Your Turn: Extensions

  • Option A (pretty-print with parentheses). Write to_infix(node) that returns a fully parenthesized infix string, so that (3 + (4 * 2)) round-trips back to the same tree. This is the inorder traversal that does not lose precedence, because it parenthesizes every subtree. Test it by hand on the two trees from Phase 1's Check Your Understanding and confirm they now produce different strings.
  • Option B (evaluate postfix directly). Write a stack-based evaluator that consumes the postfix token list (e.g. [3, 4, 2, '*', '+']) without building a tree: push numbers; on an operator, pop two operands, apply, push the result. Hand-trace it on the postfix from Phase 1 and confirm it returns 11. Argue why this uses $O(\text{stack depth}) = O(h)$ space and avoids deep recursion.
  • Option C (count operations). Instrument evaluate to count how many arithmetic operations it performs, and confirm by hand that for an expression tree with $k$ internal nodes (operators) it performs exactly $k$ operations. Connect this to Exercise 31.10 (a full binary tree with $\ell$ leaves has $\ell - 1$ internal nodes): if there are $\ell$ operands, how many operations does evaluation do?
  • Option D (variables). Extend leaves to allow variable names (e.g.
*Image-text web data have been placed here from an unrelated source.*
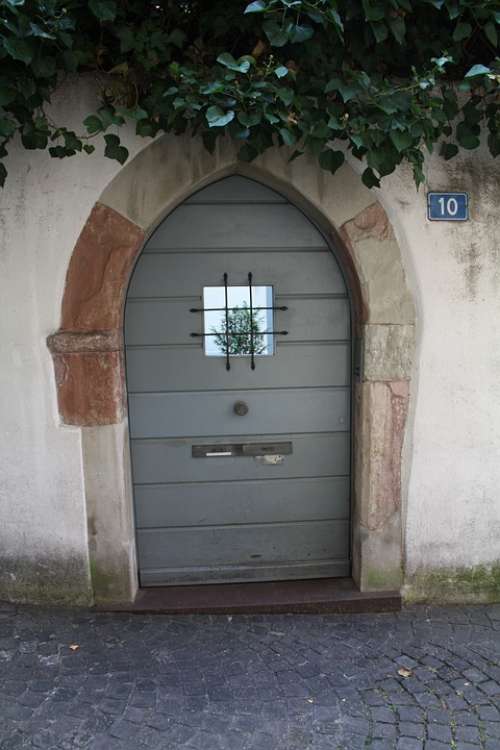 Front Door House Entrance Mediterranean Door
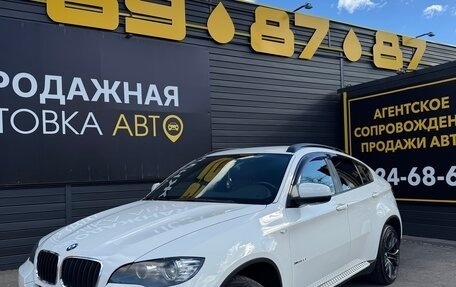 BMW X6, 2011 год, 2 100 000 рублей, 27 фотография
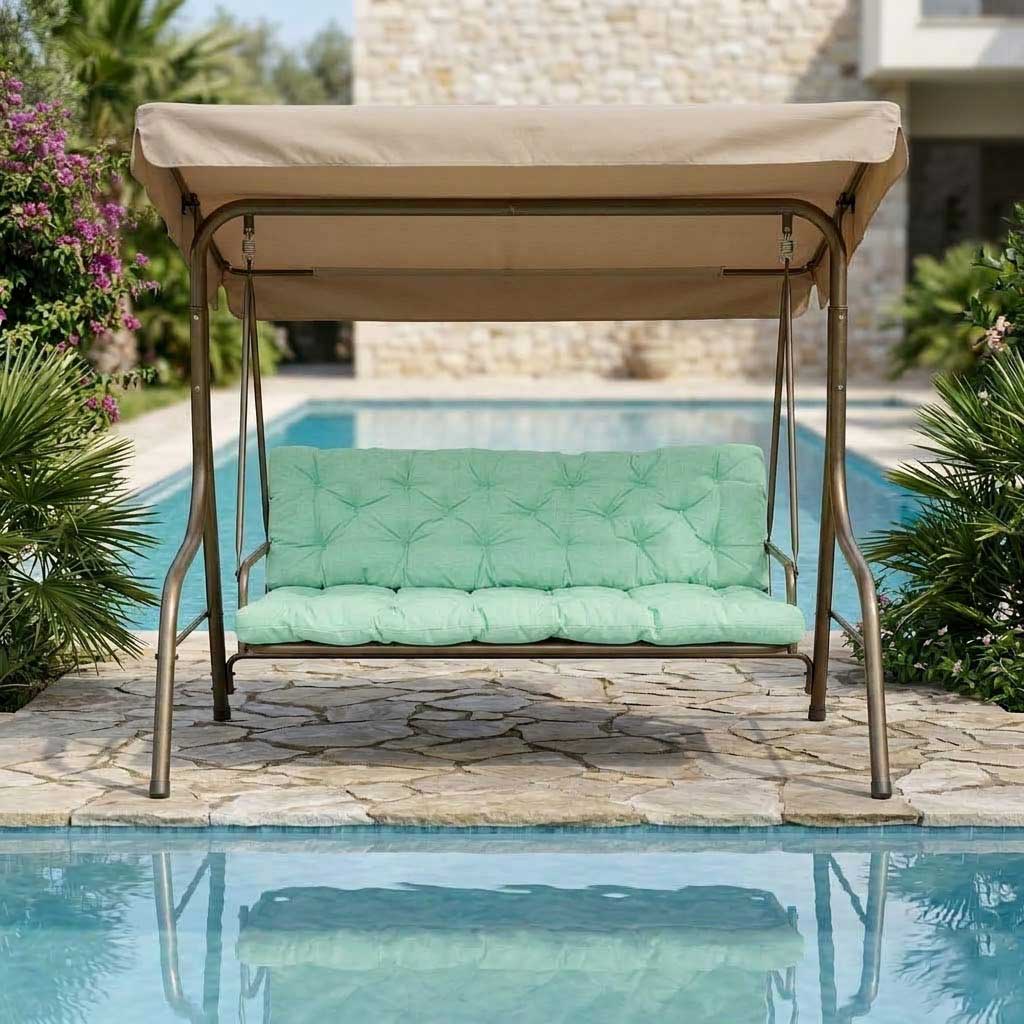 Jastuci za Baštensku Ljuljašku 180x65x65cm MINT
Node('x')) and give evaluate a dictionary env = {'x': 5}. State the one-line change to the leaf branch, and note that you have now built a tiny interpreter — evaluation of an AST against an environment, the core loop of every scripting language.

Key Takeaways

  1. One tree, three notations. The preorder, inorder, and postorder traversals of an expression tree are prefix (Polish), infix, and postfix (RPN). Prefix and postfix are parenthesis-free and unambiguous; infix loses precedence and needs parentheses or precedence rules.
  2. Postorder is the evaluation order — and it is forced. An operator needs both operands' values first, a data dependency that mandates bottom-up evaluation. The recursive evaluate is a postorder traversal that applies operators instead of listing nodes.
  3. Correctness is structural induction. The evaluator is proved correct by inducting on the tree's recursive structure (Chapter 7) — the same engine as Theorem 31.2's edge count. The recursion and the proof descend the same structure.
  4. Cost is $\Theta(n)$ time, $\Theta(h)$ stack space. Every node is visited once (linear time), but recursion depth equals the height — balanced trees use $O(\log n)$ stack, degenerate sticks use $O(n)$ and can overflow it. This is the §31.4 height story reappearing.
  5. The tree carries the meaning the string only implied. Precedence and association, which a human tracks as rules over a flat string, become structural (depth) in the tree — which is exactly why compilers parse to a tree before doing anything else.